§ Exercise instructions: Beginning with the line that has "BABY DOG - American" and ending with the line that has "Download lagu Mitos", retype the entries below exactly, except for the pictures.

§ Source material:
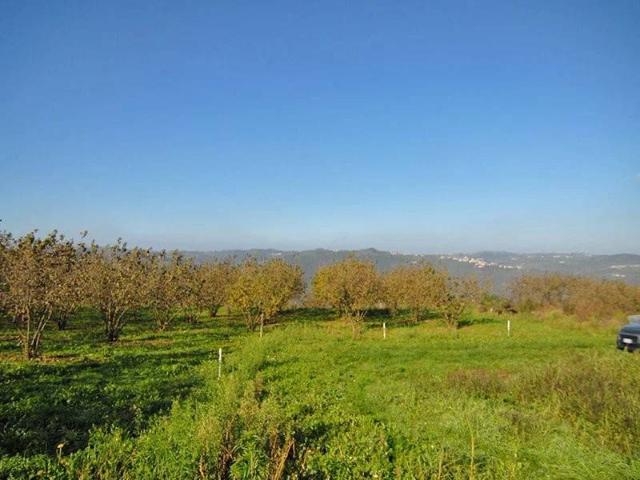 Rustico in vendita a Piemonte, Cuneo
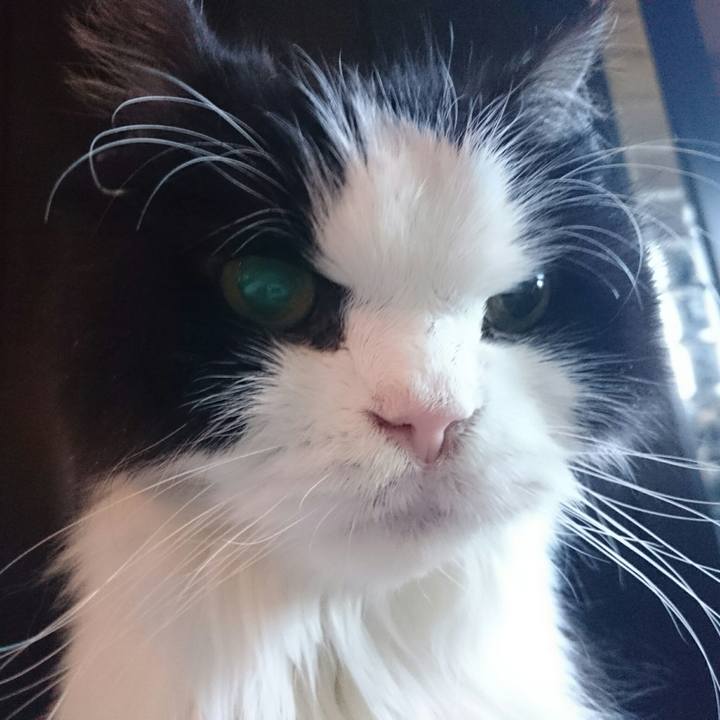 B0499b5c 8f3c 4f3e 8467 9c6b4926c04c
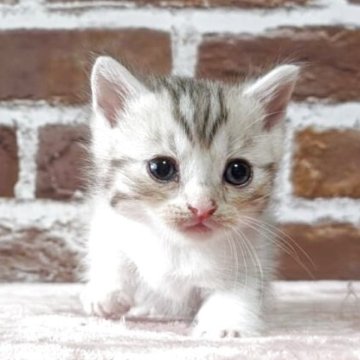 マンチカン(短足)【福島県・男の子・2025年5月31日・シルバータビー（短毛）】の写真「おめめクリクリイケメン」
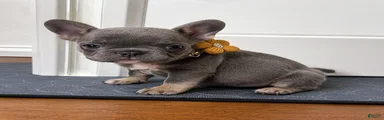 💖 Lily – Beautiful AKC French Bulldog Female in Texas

* * *

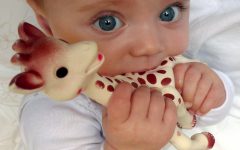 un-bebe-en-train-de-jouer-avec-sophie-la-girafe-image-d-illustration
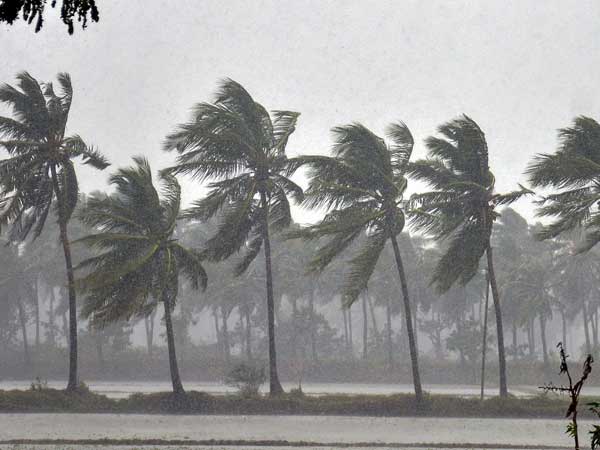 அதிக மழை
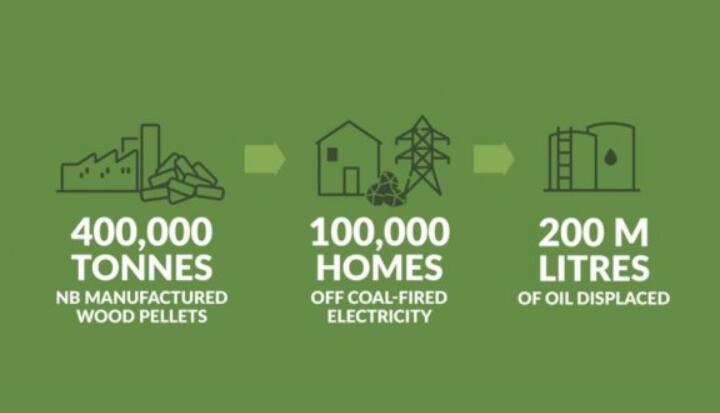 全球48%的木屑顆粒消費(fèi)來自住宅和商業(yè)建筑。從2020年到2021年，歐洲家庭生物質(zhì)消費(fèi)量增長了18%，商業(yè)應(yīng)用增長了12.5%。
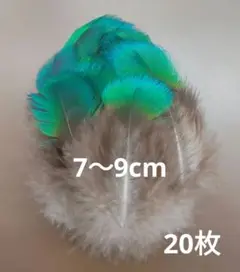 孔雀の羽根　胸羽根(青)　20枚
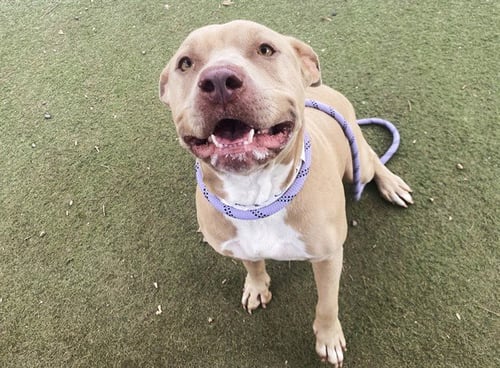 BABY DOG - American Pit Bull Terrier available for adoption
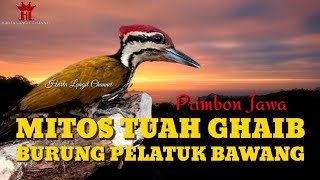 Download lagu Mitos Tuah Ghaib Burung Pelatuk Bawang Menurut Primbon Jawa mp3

§ Task answer:
 BABY DOG - American Pit Bull Terrier available for adoption
 Download lagu Mitos Tuah Ghaib Burung Pelatuk Bawang Menurut Primbon Jawa mp3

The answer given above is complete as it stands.